Each machine that forwards it along takes some small amount of processing time to do this, so each phony packet sent can cause tens or even hundreds of real packets to be sent in response. This can have a devastating effect on the victim’s machine, even rendering it unusable for a few minutes or hours if enough reply packets are generated by its computer and neighboring machines.
How To Protect Yourself From Smurf Attack?
You can protect yourself from smurf attack by following these steps:
- Configure your router to not forward directed broadcast traffic. This is configured under the ‘IP Forwarding’ or ‘Enable Broadcast/Multicast’ section of most routers administration screens and will stop network flooding attacks like Smurfs, Fraggles, and other types of DoS attacks that rely on directed broadcast traffic.
- Disable the ICMP Router Discovery Protocol (IRDP) if it is enabled, as this can cause routers to forward ping requests between networks. For Windows machines, set “Start Registry” – type in regedit and hit enter – navigate down to: HKEY_LOCAL_MACHINE > System > CurrentControlSet > Services > TcpipParameters and add a DWORD key called “DisableRouterDiscovery” (without the quotes). Then set it to ‘one’ to disable router discovery.
- Use firewall software that can detect this type of traffic and block accordingly.
- Many hosts can be configured to ignore echo requests from outside their network, which is an effective way of preventing the attack even if the packets are not blocked by a firewall (packets with internal source IPs will still reach them normally). Configuration varies per host: for Unix machines it’s usually under /etc/sysctl.conf and might look like: net.ipv[46].icmp_echo_ignore_all = 0
- Use a network monitor or sniffer to detect the attack and record the source IP of attack packets, then report them to your ISP and/or other appropriate parties such as CERT (see below). This may cause legal problems for the attacker, but you have to balance that with your own desire for privacy.

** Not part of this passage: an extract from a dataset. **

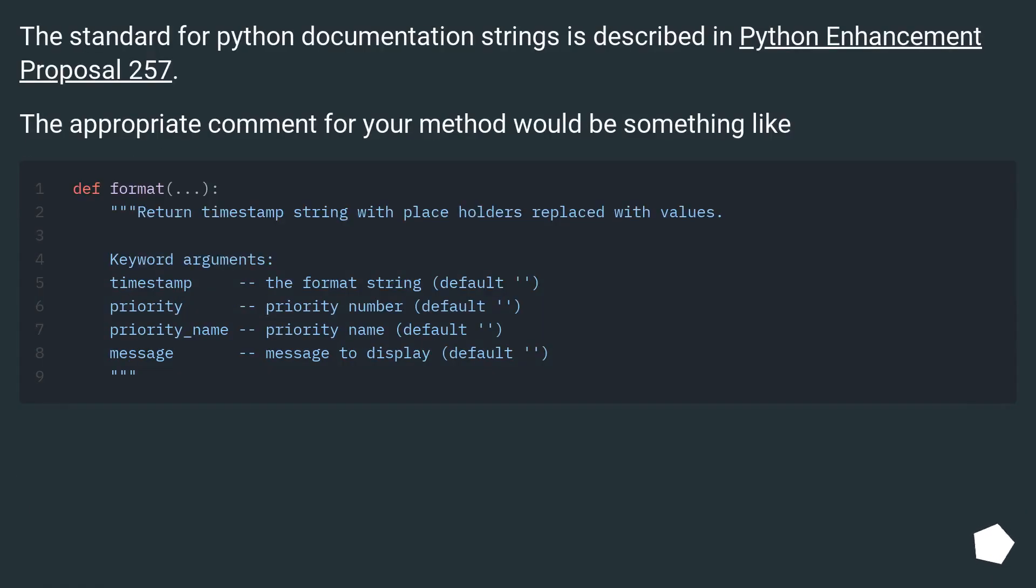The standard for Python documentation strings is described in Python Enhancement Proposal 257. The appropriate comment for your method would be something like...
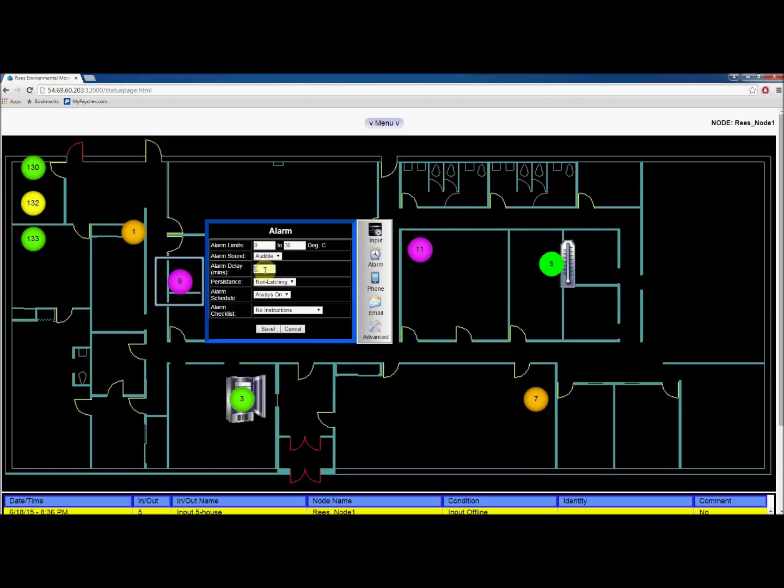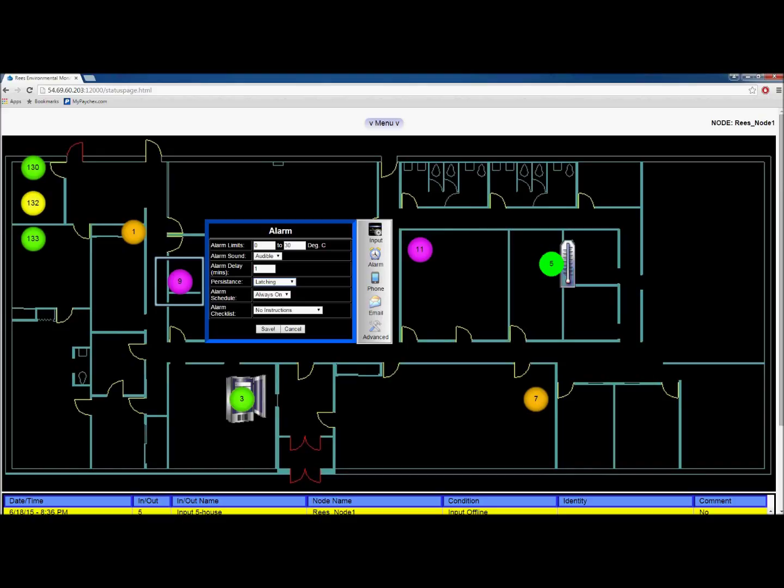In the next box, you can add a delay timer for alarm notification. Choose whether you want a latching alarm or a non-latching alarm in the next box. If an input goes into alarm, a non-latching alarm will turn off when the input falls back into range. If you choose latching, it will remain in alarm until a user acknowledges it.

- If you are using Linux Operating System then there is a smurf protection tool called pdbedit which can help to prevent Smurf attacks. The simplest way of preventing this type of attack is by configuring your router so that it does not forward broadcast packets.
Smurf Attack Transmission And Effects
The tool for this attack is generally an application that sends ICMP packets with the “echo” request. This can be initiated by a single computer, but it is most effective when multiple computers are used to send these requests in what’s called a “smurf amplifier“. When executed properly, this type of attack has the ability to shut down networks and entire regions if sent over large enough scales.
This can cause a devastating effect on the victim’s machine, rendering it unusable for minutes- or even hours depending on how many packets are generated by its computer and neighboring machines.
Conclusion
The smurf attack is a denial-of-service (DoS) technique that relies on network traffic flooding. To prevent this type of attack is to configure your router so that it doesn’t forward direct broadcast traffic. Another way to protect yourself from smurf attacks is by using a firewall software that can detect and block accordingly, or configuring hosts to ignore echo requests from outside their network.